▸ Exercise: Omitting every picture, copy the lines from the one that contains "this 845×633 image." through the last line of the records below, exactly and with nothing added.

▸ Data for review:
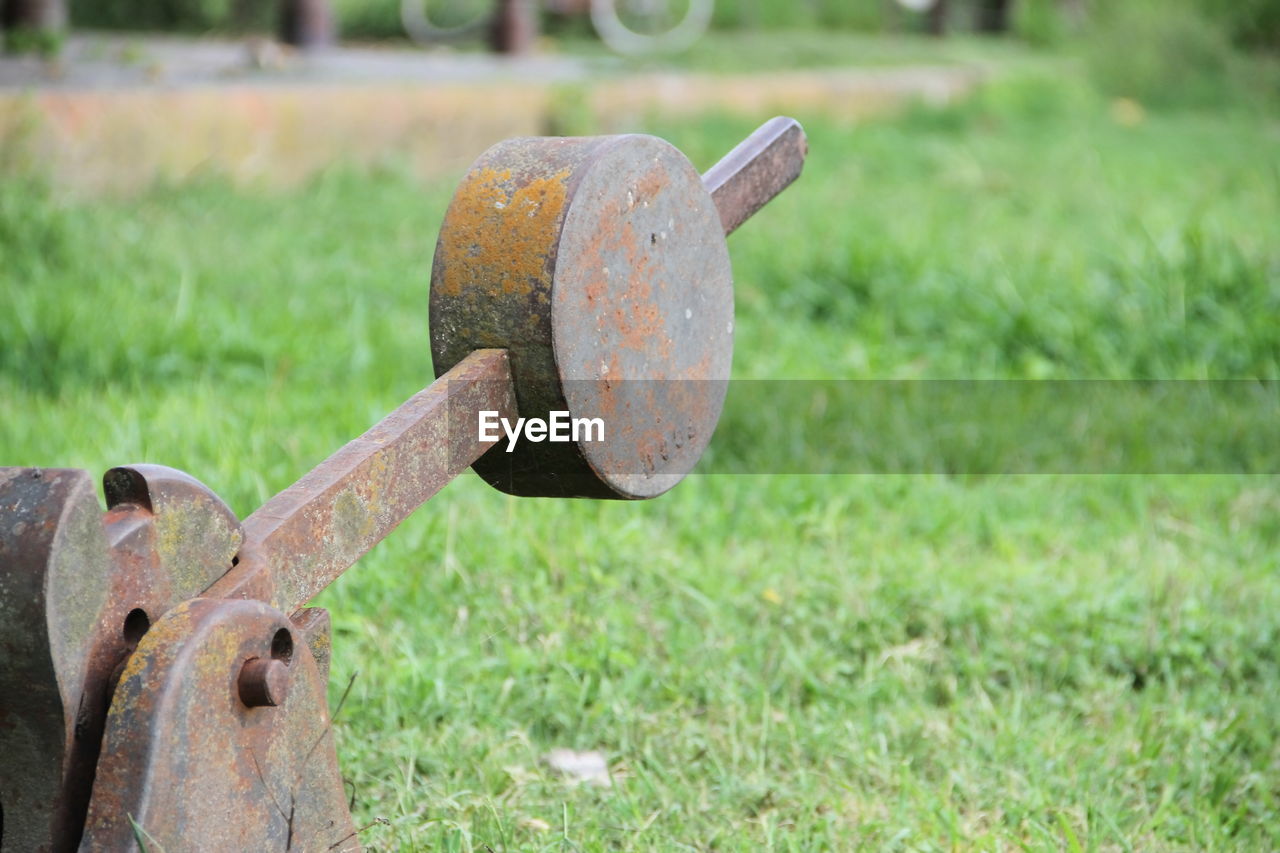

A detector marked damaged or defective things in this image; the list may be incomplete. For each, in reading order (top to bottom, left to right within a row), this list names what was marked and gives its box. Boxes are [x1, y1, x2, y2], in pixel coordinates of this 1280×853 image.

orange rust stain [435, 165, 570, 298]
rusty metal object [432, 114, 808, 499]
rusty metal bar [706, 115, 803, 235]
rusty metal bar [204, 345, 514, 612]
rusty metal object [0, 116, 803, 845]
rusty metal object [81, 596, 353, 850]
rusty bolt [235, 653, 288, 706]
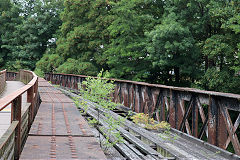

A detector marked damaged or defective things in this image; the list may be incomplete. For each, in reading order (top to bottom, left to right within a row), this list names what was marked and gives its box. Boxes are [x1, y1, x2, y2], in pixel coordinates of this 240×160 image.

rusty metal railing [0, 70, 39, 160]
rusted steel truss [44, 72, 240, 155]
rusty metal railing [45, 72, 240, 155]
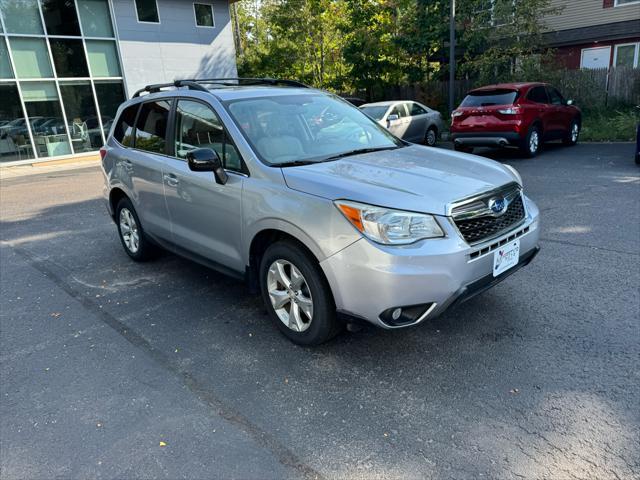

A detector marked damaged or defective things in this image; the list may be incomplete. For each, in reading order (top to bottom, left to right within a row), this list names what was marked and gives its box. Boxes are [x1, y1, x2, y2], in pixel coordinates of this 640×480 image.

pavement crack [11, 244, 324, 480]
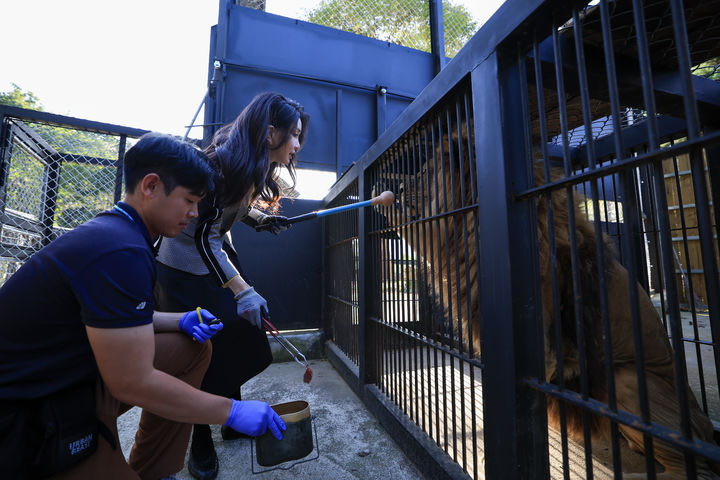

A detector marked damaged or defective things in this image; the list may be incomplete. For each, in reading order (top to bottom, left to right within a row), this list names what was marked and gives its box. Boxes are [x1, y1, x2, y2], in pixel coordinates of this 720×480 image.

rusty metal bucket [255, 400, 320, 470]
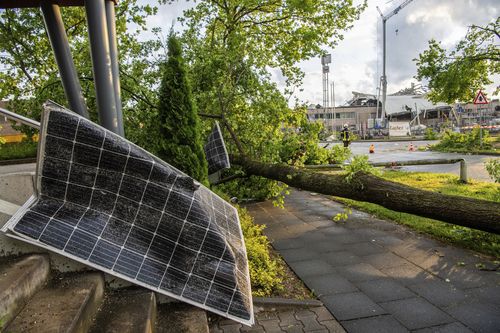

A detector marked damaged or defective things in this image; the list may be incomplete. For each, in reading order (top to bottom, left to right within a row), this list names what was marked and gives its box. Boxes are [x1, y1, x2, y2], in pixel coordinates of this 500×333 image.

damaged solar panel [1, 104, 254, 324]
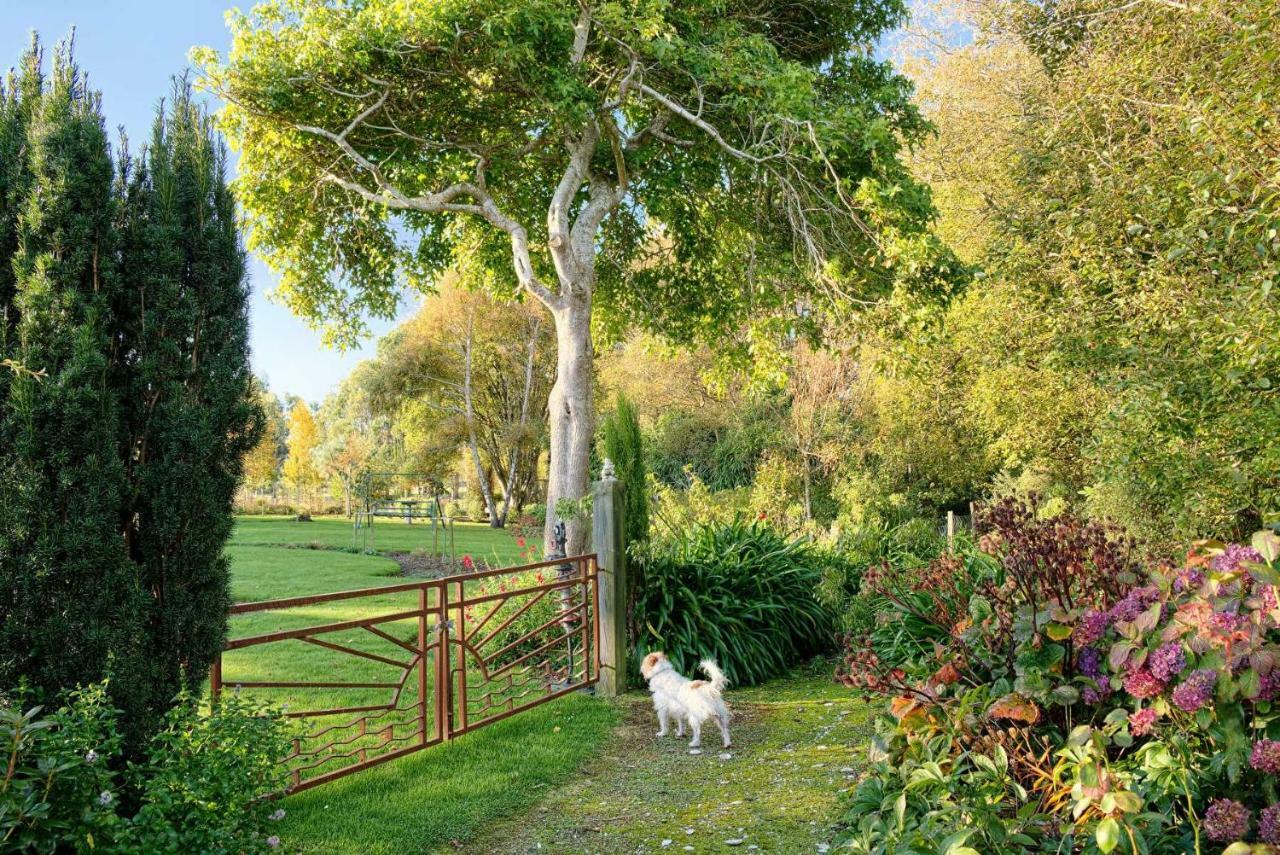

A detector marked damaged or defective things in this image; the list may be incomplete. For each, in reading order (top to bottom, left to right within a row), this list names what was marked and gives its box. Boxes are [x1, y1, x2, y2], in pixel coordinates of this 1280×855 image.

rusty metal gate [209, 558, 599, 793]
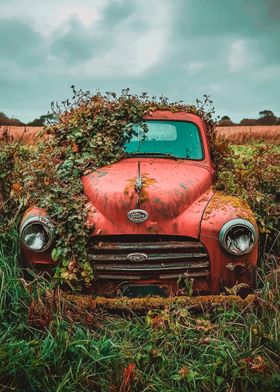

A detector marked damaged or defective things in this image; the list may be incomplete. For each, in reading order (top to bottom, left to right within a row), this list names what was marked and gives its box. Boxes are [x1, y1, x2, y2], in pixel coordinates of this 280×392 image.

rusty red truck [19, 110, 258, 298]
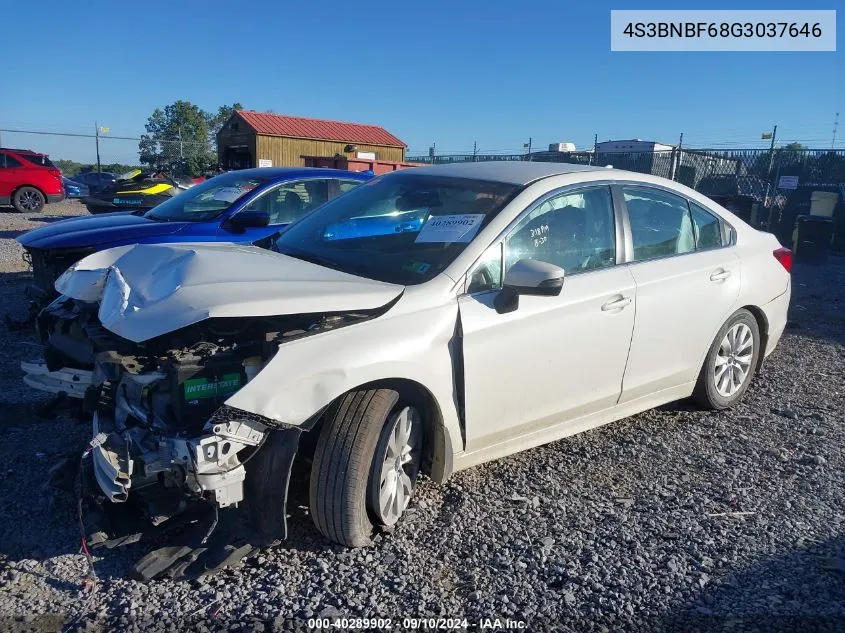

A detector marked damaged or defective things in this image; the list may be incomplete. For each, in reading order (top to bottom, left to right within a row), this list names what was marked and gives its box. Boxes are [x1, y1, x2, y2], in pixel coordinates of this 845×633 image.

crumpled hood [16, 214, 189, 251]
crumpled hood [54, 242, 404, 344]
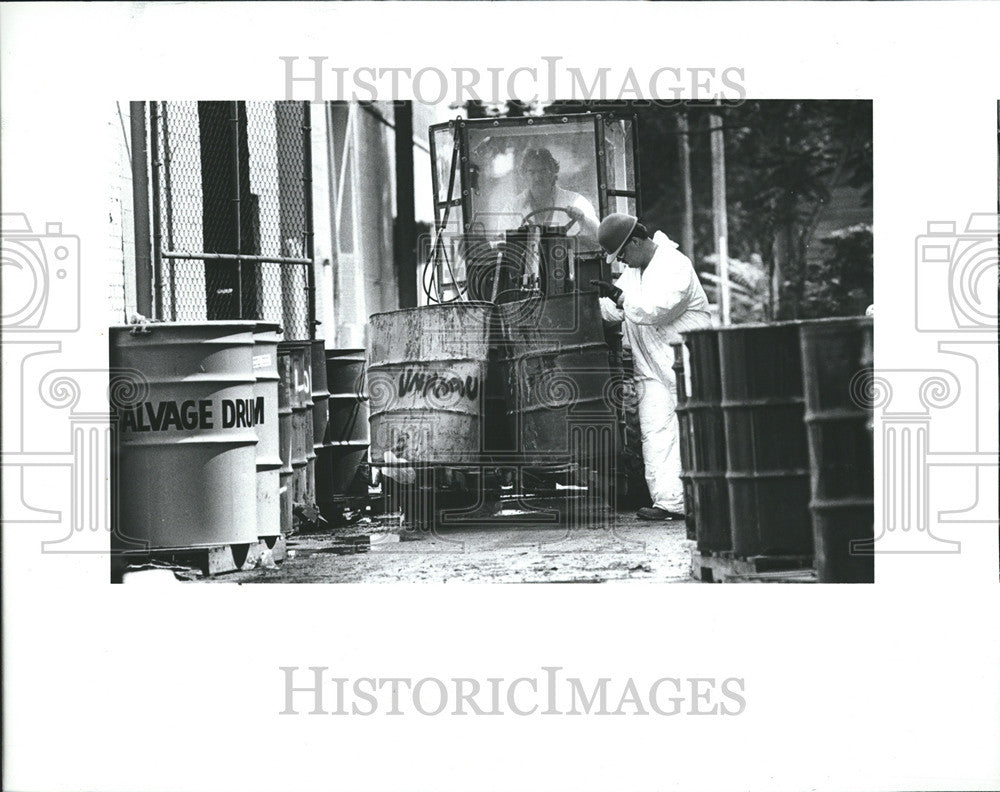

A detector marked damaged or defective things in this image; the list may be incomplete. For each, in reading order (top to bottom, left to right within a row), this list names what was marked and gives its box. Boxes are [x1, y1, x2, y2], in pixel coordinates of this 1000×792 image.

▸ Exercise solution:
A detector marked damaged or defective things in this image; the list may be incomplete. For each, in reading order (top to bottom, left to right within a row), this list names what was marked and gives its box. Boxes are [x1, y1, x2, y2], in pixel coordinates of this 845×633 image.

crumpled hood [16, 214, 189, 251]
crumpled hood [54, 242, 404, 344]

A detector marked damaged or defective things in this image; the list may be incomplete. For each, in reading order (top to bottom, left to right within a row), this list names what was marked and gives its box. Boxes are [x1, y1, x2, y2], in pixel coordinates of this 1000×792 image.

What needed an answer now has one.